I was a spectacle, open 24 hours, I was easily consumable but not palatable. Spending my formative years being viewed, criticized, and labeled: my Instagram, a proverbial glass house.
Slut, heathen, jailbait, drug addict, prostitute, trust fund baby.
I did not have a separate identity from my Instagram, because it was me; I was bellamlucio. Still, my confidence and sense of self built on social media were not real. My digital identity began to act as a script for the false narratives I was supposed to follow in my real life. Rather than rewriting the public narrative about me, I chose to play the role I was assigned.
Up until this point, I had used Instagram like a regular middle schooler, my boyfriends’ and best friends’ names in my bio, and misc usernames to the tune of @guccigangbella.
I had always been a very performative person, and I loved social media. The sentiment, “The internet is forever,” was all the more reason to be involved. I never posted anything I did not want to, I was always genuine and meaningful with my image, and I never tried to brand myself as someone I was not.
Instagram gave me a lot of false hope.
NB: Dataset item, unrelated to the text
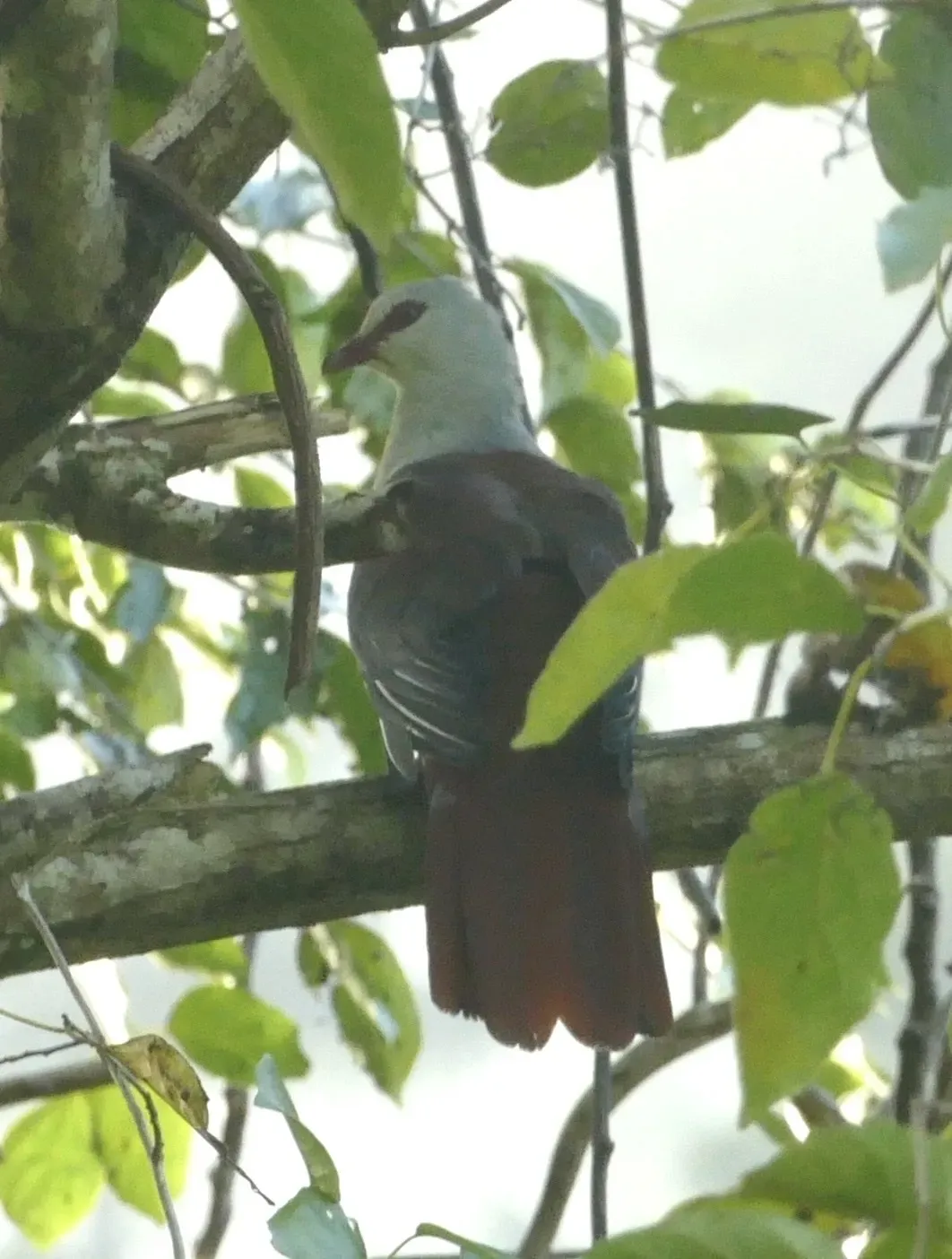 File:Reinwardtoena reinwardti 338536896.jpg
It conditioned me into thinking followers and likes and comments were success, or they could be. Even if they didn’t translate to success it did feel like gratification, and as a child, I sometimes dreamt of fame. Not because I wanted it but because I felt that it was inevitable, no matter what–I would be famous.
And I somehow so effortlessly began to find not fame, but notability, on the internet. I did not think that what I was doing or posting was that interesting or outrageous, but apparently, it was. I was very privileged to have the life and the confidence that I did and I think that whether they hated or loved me, people were intrigued.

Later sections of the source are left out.